Audit of elderly people's eye problems and non-attendance at hospital eye serviceBMJ 1994; 308 doi: https://doi.org/10.1136/bmj.308.6934.953 (Published 09 April 1994) Cite this as: BMJ 1994;308:953
- J G Hillman
- Correspondence to: Dr Hillman
- Accepted 23 November 1993
Because eye disease is common in elderly people1 and the number of people aged >=80 in Britain is increasing,2 outpatient referrals to the hospital eye service will probably rise. Many studies have discussed the reasons why people do not keep their outpatient appointments and ways in which non-attendance could be reduced. Few have given details of the morbidity that arises in patients who have not kept appointments.3 Could general practitioners have an important influence on non-attendance?

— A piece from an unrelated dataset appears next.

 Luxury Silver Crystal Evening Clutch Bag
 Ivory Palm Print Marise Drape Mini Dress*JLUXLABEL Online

Patients, methods, and results
A manual audit covering September 1991 to June 1992 was made of all records of patients aged >=75 in a general practice with four partners and 6314 patients. The records were extracted, and notes were made of the number of patients under the care of the hospital eye service; the diagnosis made by the consultant ophthalmologist in each case; the number of patients registered as blind or partially sighted; and the number of patients who had not kept follow up appointments with the hospital eye service in the preceding 10 years. An attempt was then made to contact all those patients who had not kept appointments. When possible, reasons for their non-attendance were obtained, and those who agreed were sent an appointment to attend the hospital eye service. One year later the records of the non-attenders were analysed again to determine the outcome of this intervention.

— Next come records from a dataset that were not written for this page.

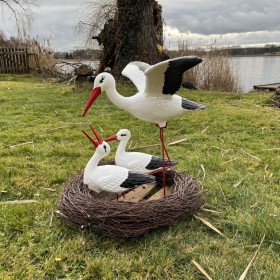 Figura ozdobna ogrodowa BOCIANIE GNIAZDO 3 BOCIANY z bocianem lecącym H: 75cm do ogrodu - zdjęcie 8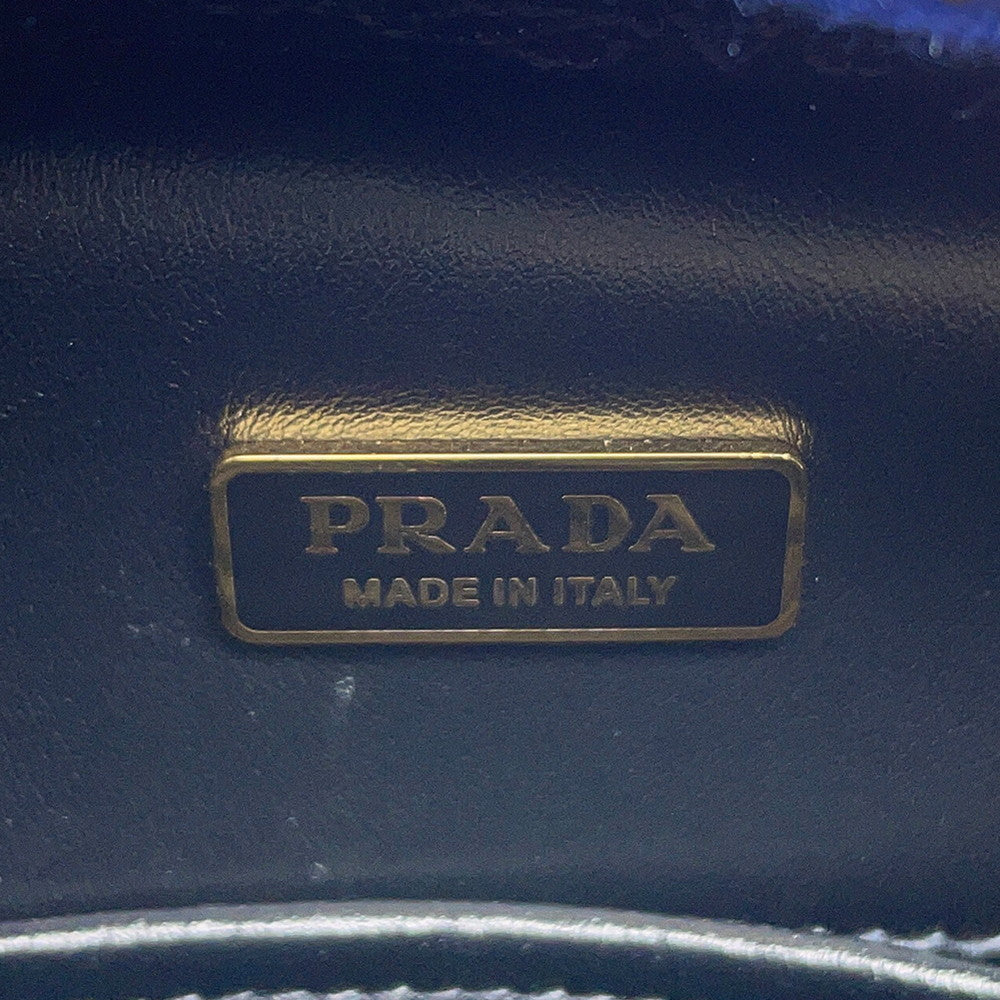 PRADA Odette 2WAY Bag Blue1BH123 Leather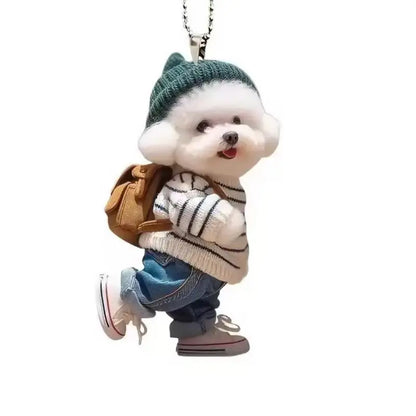 Creative Puppy Car Hanging Ornament - Rearview Mirror Pendant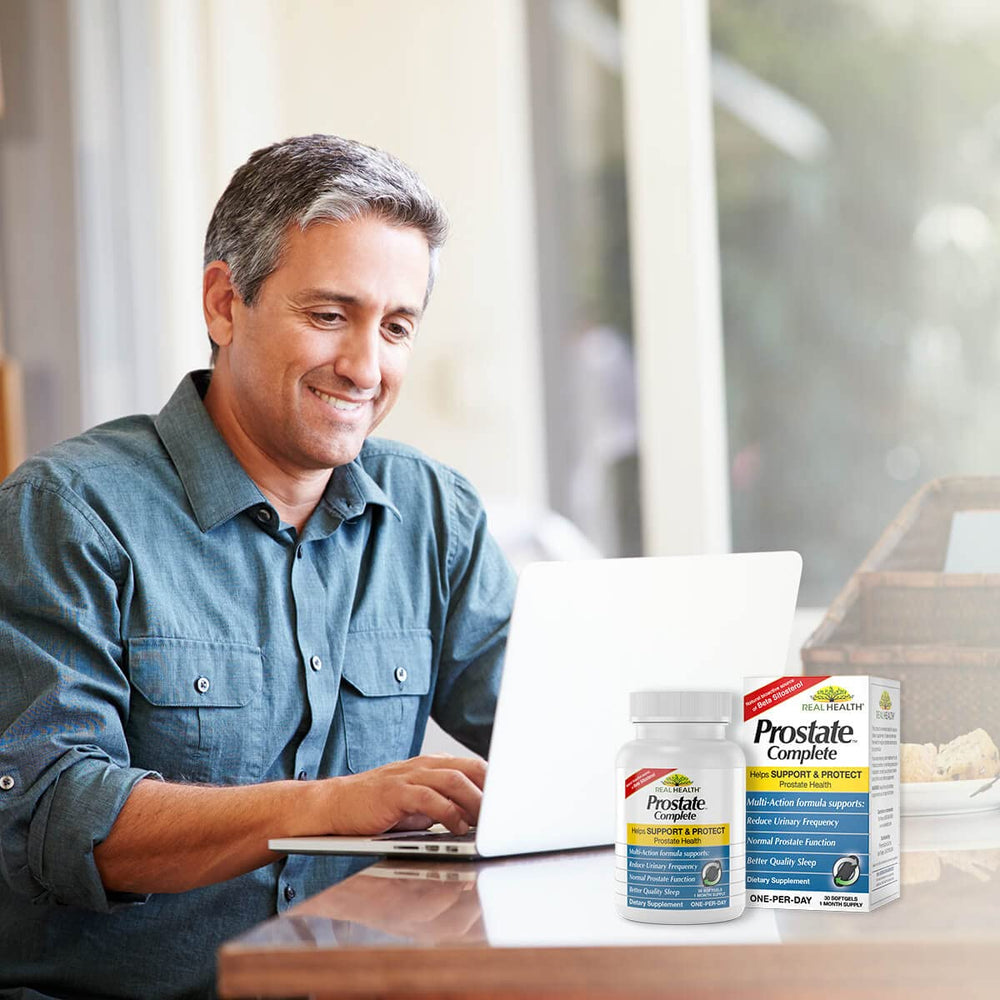 Real Health Prostate Complete image featuring saw palmetto ingredient for targeted support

Of the 838 patients aged >=75, 69 were registered as partially sighted and 22 as blind. Altogether 199 patients were attending the hospital eye service. Forty two were under review because they had glaucoma and 72 because of cataracts; 59 had macular degeneration; and 26 had other eye disorders. A total of 49 patients had not kept follow up appointments after having attended at least once. The table shows the results of the repeat analysis of the non-attenders 12 months later. Of the 14 patients who had been given a further appointment, 10 had treatable eye conditions: six had cataracts extracted and four had glaucoma. One of the patients with glaucoma was registered as partially sighted.

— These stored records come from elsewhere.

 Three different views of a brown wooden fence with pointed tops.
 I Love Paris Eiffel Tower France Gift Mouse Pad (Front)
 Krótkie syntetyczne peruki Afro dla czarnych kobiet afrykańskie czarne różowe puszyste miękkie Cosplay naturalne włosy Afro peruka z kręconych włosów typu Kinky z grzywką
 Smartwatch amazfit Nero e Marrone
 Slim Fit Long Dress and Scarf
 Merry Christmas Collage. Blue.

Twenty two of the non-attenders gave reasons for not keeping their appointments: 10 had not received an appointment; six had not understood that further attendance was necessary; and six had found their experience as an outpatient upsetting and did not wish to return. Ten non-attenders gave no reason, three could not be interviewed because of dementia, and 14 had died. No one admitted to having forgotten their appointment.
We found that a quarter of the elderly people in our practice were attending the hospital eye service. If this proportion is representative of the situation in the rest of Britain it implies a heavy workload on outpatient services in eye departments, which is reflected in the long waiting lists for this specialty. The audit also showed that a quarter of the patients had been lost to follow up at the hospital's eye department. This was attributed partly to a flaw in communication in the outpatient department, which has now been corrected through the introduction of full computerisation, and partly to human frailty, which intensifies with age. The findings emphasise, however, that staff must give more time to, and be more patient with, elderly people to ensure that instructions are fully understood. Appropriate leaflets printed in large type may also help.
The patients who were “retrieved” had suffered appreciable morbidity. If the outpatient department notified general practices of non-attenders the general practitioners or their staff could follow up these patients, especially those with progressive disease.
This study was carried out with the support of the Humberside Medical Audit Advisory Group.